Di akhir tahun 1999, Prof. Arief Budiman datang ke Flinders University untuk memberikan kuliah umum tentang politik Indonesia di kampus Bedford Park.
Selain sejumlah Indonesianis, para mahasiswa Indonesia yang sedang studi di sana hadir menyimak ceramah ilmuwan-aktivis terkemuka ini. Saya duduk di antara mereka, di deret agak depan, bersama beberapa teman di Asian Studies dan Public Policy, pas di belakang Bu Leila, istri Prof. Arief Budiman.
Ketika acara sudah selesai, dan kami sedang ngobrol-ngobrol santai dengan Pak Arief dan Bu Leila, HP Ericsson saya berbunyi. Ada telpon dari nomor rumah.
Saya jawab telpon itu. Suara Siti Qudsiati Utami yang sedang hamil tua terdengar di sana. Dia mengabarkan perutnya sakit.
Setelah menjawab telepon itu, saya sampaikan pada teman-teman di sekitar bahwa saya harus pulang duluan.
“Ada apa?” tanya seorang teman yang memperhatikan sejak saya menerima telepon.
“Miming sakit perut katanya.”
“Siapa yang sakit?” Bu Leila bertanya.
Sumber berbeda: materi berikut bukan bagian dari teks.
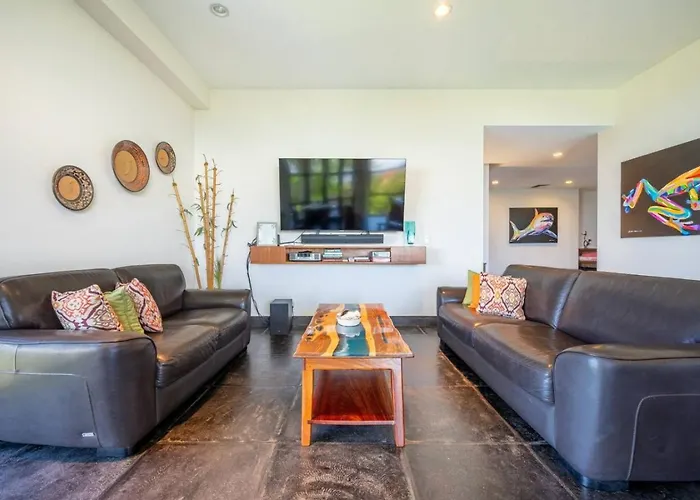 Spacious Ocean View Condo, Luxury In La Perla Hébergement de vacances *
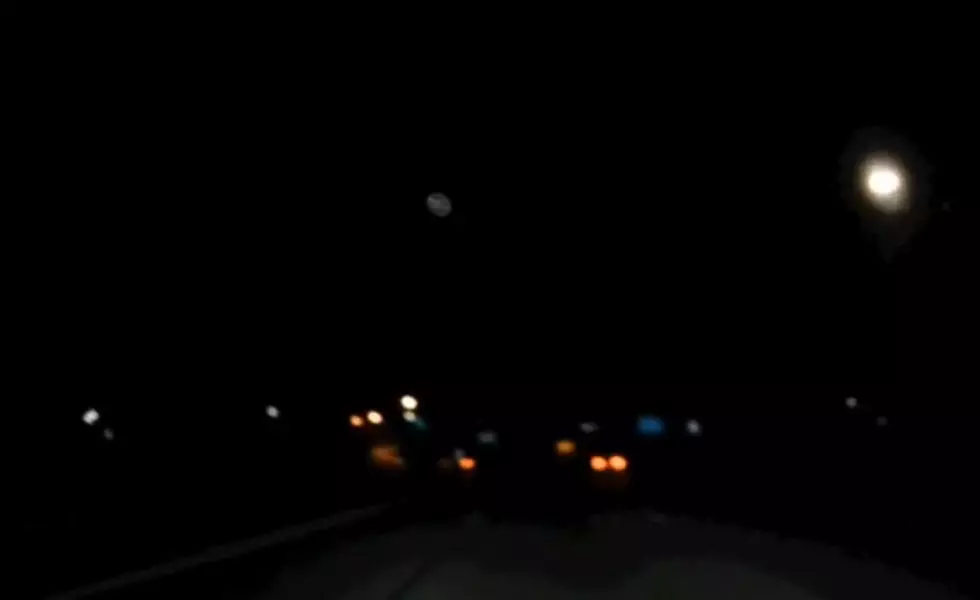 Weird UFO Sighting Along I-75 in Detroit [VIDEO]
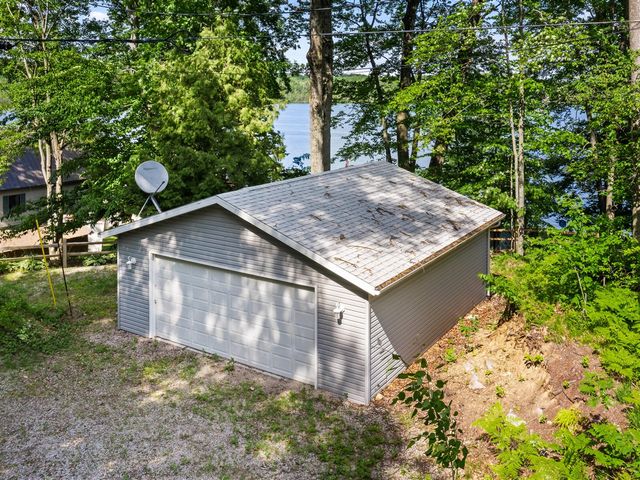 19116 Kenny Drive, Big Rapids, MI 49307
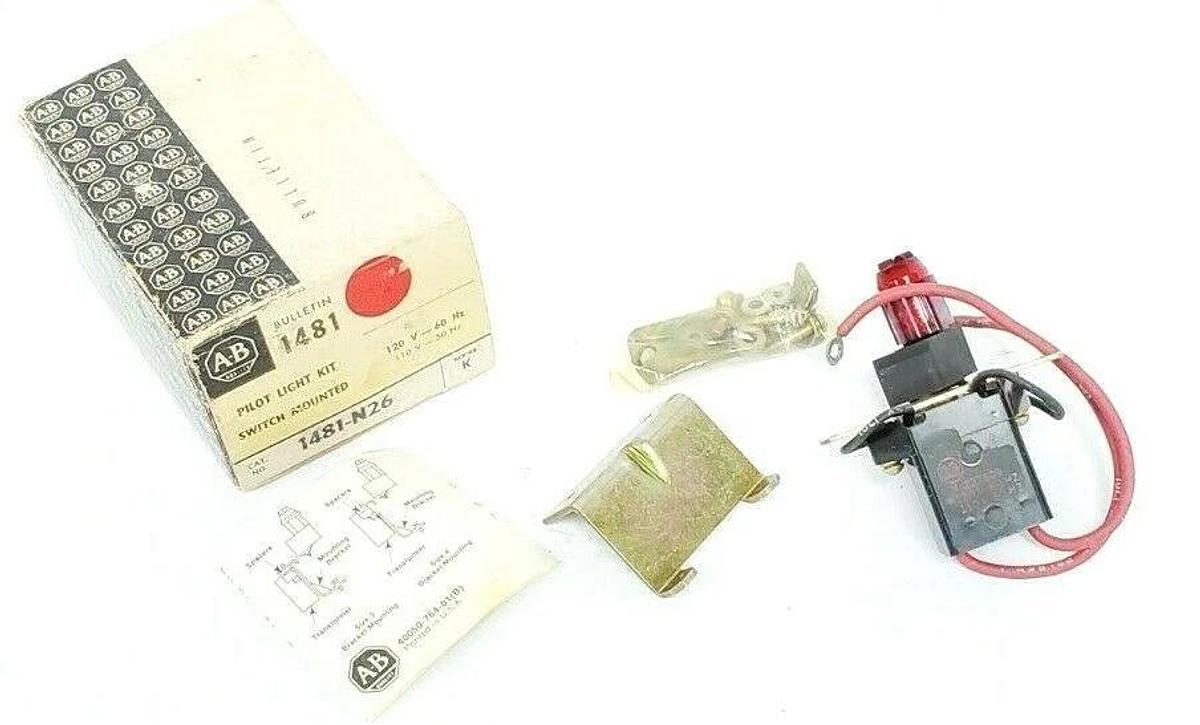 Used NIB ALLEN BRADLEY 1481-N26 SWITCH PUSHBUTTON PILOT LIGHT SER. K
Pak Arief menoleh karena pertanyaan itu.
“Istri saya Bu. She’s expecting, dan barusan bilang perutnya sakit, kram gitu. Mungkin sudah waktunya. Mungkin juga cuma braxton hicks. Tapi saya pamit duluan Bu, soalnya ini sudah dekat EDD.”
“Oh iya, silakan.” Bu Leila menjawab. “Semoga semuanya lancar ya.”
“Aamiin… Terima kasih Bu.” Saya lalu menyalami Pak Arief dan Bu Leila, kemudian bergegas pulang ke St. Marys.
Jadi Prof. Arief Budiman Bu Leila adalah termasuk orang-orang pertama yang saya lapori tentang kelahiran anak pertama, nun jauh di negeri orang.
Dan siang ini saya dengar kabar Prof. Arief Budiman menutup mata di usia lanjut — usia yang jelas sangat efektif dan membawa banyak manfaat bagi semua orang.
Semoga Allah menerima dia di sisi-Nya.